5. The improved vacuum switch according to claim 2 wherein each of said contact disks has a plurality of spaced apart straight slots thereon with each said slot oriented tangential to the body portion of the associated contact,

the members of said plurality of slots associated with said contact disk mounted on the stationary electrical contact have an orientation contrary to the orientation of the plurality of slots associated with said contact disk mounted on the movable electrical contact.

6. The improved vacuum switch according to claim 2 wherein at least one of said contact disks includes a cylindrical member located between and attached to said top and said bottom members to form a closed, hollow cylindrical structure with a top and bottom having substantially a discus-shaped cross-section.

7. The improved vacuum switch according to claim 6 wherein said cylindrical member comprises a material selected from a group consisting essentially of boron-copper, chromium-copper, zirconium-copper, beryllium-copper.

8. The improved vacuum switch according to claim 1 wherein at least one of said contact disks includes a tubular member located between and attached to said top and bottom members.

9. The improved vacuum switch according to claim 8 wherein said tubular member comprises a material selected from a group consisting essentially of boron-copper, chromium-copper, zirconium-copper, beryllium-copper.

10. The improved vacuum switch according to claim 2 wherein the electrical contacts consist essentially of copper.

11. The improved vacuum switch according to claim 10 wherein said copper contacts comprise an alloy of copper and a maximum of 1% of a material selected from a group consisting essentially of boron, chromium, zirconium, beryllium or a combination thereof.

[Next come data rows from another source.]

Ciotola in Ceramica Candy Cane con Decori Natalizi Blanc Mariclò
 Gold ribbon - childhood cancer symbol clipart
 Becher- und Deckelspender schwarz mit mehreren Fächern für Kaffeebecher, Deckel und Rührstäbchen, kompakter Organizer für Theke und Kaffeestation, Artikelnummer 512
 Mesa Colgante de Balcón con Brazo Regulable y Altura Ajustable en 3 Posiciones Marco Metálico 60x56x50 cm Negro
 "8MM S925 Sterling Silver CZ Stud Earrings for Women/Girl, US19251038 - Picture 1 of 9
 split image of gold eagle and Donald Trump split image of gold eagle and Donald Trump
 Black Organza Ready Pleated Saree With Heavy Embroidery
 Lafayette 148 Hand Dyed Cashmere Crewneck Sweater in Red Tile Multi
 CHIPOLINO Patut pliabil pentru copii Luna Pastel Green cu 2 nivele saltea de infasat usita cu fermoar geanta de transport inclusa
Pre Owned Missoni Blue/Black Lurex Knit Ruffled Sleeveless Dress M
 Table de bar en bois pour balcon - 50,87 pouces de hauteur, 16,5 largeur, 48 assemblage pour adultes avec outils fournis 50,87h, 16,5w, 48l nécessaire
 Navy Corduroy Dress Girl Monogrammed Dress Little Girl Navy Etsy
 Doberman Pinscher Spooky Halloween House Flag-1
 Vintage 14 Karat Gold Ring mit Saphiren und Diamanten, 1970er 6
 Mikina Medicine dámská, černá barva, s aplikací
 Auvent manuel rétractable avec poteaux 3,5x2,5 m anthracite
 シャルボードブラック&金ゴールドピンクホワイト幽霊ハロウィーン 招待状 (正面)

12. The improved vacuum switch according to claim 2 wherein said electrical contacts each have a contact surface which is coated with an alloy selected from a group consisting essentially of chromium-copper, tungsten-copper, cobalt-copper, molybdenum-copper.

13. The improved vacuum switch according to claim 2 wherein said bottom member comprises an alloy selected from a group consisting essentially of chromium-copper, tungsten-copper, molybdenum-copper, cobalt-copper.

14. The improved vacuum switch according to claim 2 wherein said top member consists essentially of copper.

15. The improved vacuum switch according to claim 14 wherein said top member comprises an operative alloy of copper and a material selected from a group consisting essentially of boron, chromium, zirconium, beryllium or a combination thereof.

16. The improved vacuum switch according to claim 15 wherein said alloy comprises an alloy of copper and 1% to 3% of a material selected from a group consisting essentially of boron, chromium, zirconium, beryllium or a combination thereof.

17. In a vacuum switch having a first and a second electrical contact, each having a contact surface, a vacuum housing which operatively supports the electrical contacts and a pair of contact disks affixed to the electrical contacts

an improvement wherein each contact disk comprises:

an electrically conductive, flexible disk-shaped hollow member having an interconnected top and bottom surface;

said top surface having a centered hole therethrough and said bottom surface having a substantially centered, flattened contact region;

the electrical contact extends through said centered hole and is attached to said contact disk such that there is a gap between the contact surface of the respective electrical contact and said bottom member of said contact disk,

said disk-shaped member has a plurality of straight slots thereon, each member of said plurality of slots is oriented so as to be tangent to the electrical contact attached to said disk;

when the switch is closed, the two electrical contacts are driven toward one another so that said respective bottom members of said contact disks are brought into electrical contact with each other and with the contact ends of the electrical contacts and,

when the switch begins to open, the contact ends of the electrical contacts separate from the said respective bottom members of the said contact disks before the said respective bottom members of the said contact disks separate from one another.